Tuesday, 15 September 2015

Turn Me On Dead Man - Haters, Space Invaders And Clones, album review

Beautifully Heavydelic

This San Francisco ‘Heavydelic SuperRock’ group remind of quite a few bands, but as I listen to third track Xanana now it is Smashing Pumpkins, whilst next Galaxina begins like Thin Lizzy – yeah, I know it’s just the dual guitars – but that SP sound is still a sustained reference point, especially into fifth Bellisima.

This has come as a little bit of a surprise as second 67 Dreams is more of a riff-driven number, but sixth Oh My God it’s Filled with Stars reasserts the vocal harmony-drenched sound of that late 80s/early 90s rock renaissance. Whatever this perfunctory history lesson of echoes, it is excellent at what it does, many of the 22 tracks not surprisingly little musical vignettes linking others, so, for example, we move from one of these Child in the Sunburst Pyramid to the more languid psychedelia of Spiral Marilyn, a more Beatle-esque musical touchstone sound-wise [in their psychedelia touchstone days].

Ninth Take a Stress Pill is a loud instrumental drowning-out of what I think is a sampled recording of the intended softly-spoken anti-stress narrative from a tape/similar. This and next Daisy with its laid-back fuzz and effects could seem fillers to make up the 22 songs where a judicious edit might have been a benefit, though the T-Rex vocal two-thirds into Daisy, with more fuzz and effects, has a wildness that attracts over the calmer-by-comparison languor of the other spacier rock. Indeed, the vocal effects near the end of this latter track make it one of the more interesting overall. It’s a learning aural curve.
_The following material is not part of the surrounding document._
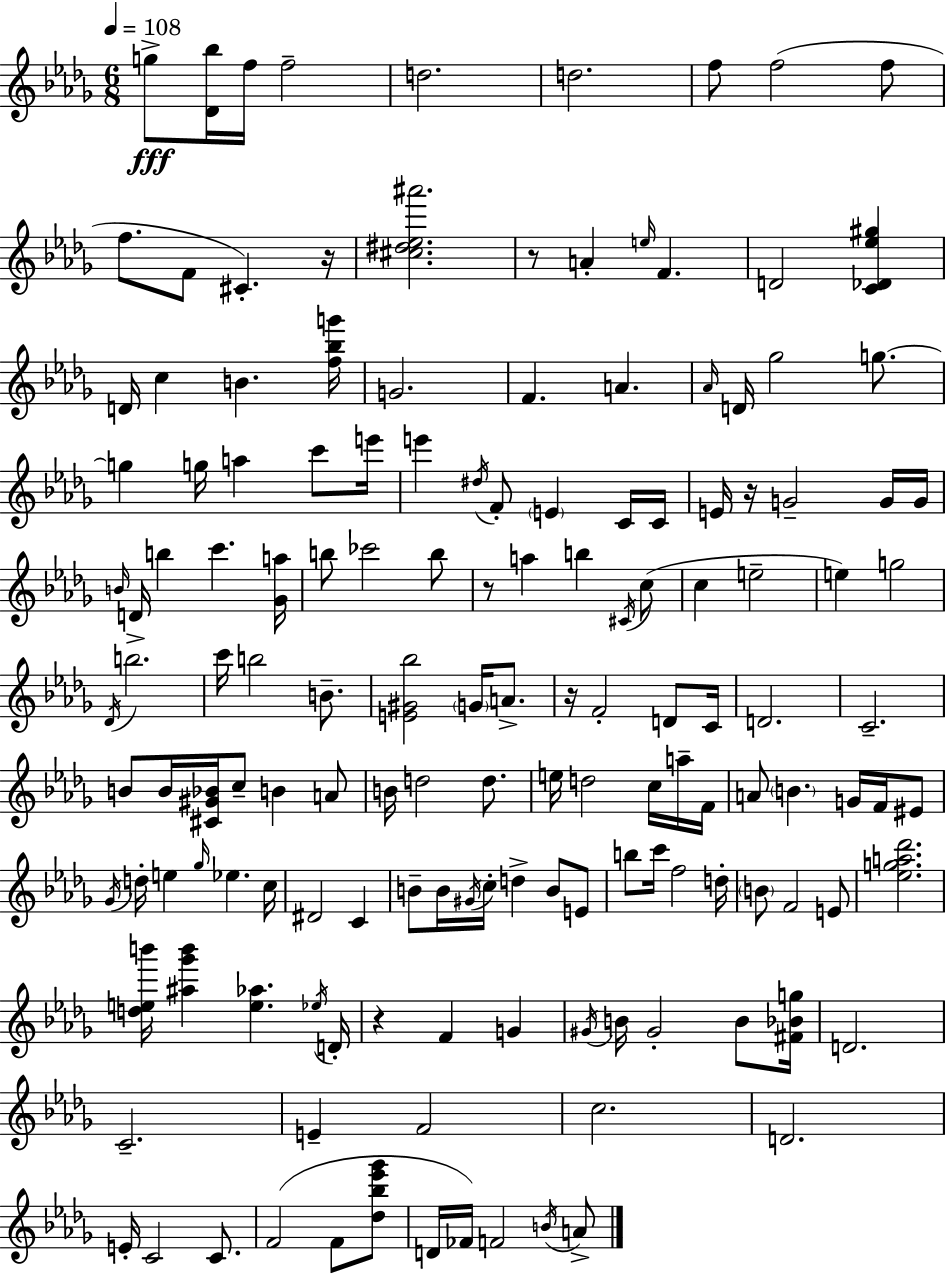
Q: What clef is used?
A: treble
In fact, I think the album is hotting up as we progress through. Twelfth The White Witch has pulsing riffs and pulsing vocals and is a relative scorcher; thirteenth Molecules is another instrumental interlude; next Beatle George is as the title suggests another B-esque pop-psychedelic number, and fifteenth The Kingdom makes a great noise with looping guitars and crashing cymbals.

Then comes sixteenth Cyclops [Dedicated to the One I Love] which is heavy metalish so the heat is now on high, and follower Astrophobia continues the flirting with Sabbath riffs and the ghost of Marc Bolan. Eighteenth Wondermint is a raga of sorts, whilst its follower Girl Coloured Sky reverts to the SP sound of before.

Penultimate Tiny Gods foregrounds some more of that excellent dual guitar work, and you realise that by the end of listening to it and all 22 tracks this really is quite a dense and richly atmospheric album of the genuinely ‘heavydelic’ kind, with closer Babes of the Abyss beautifully so.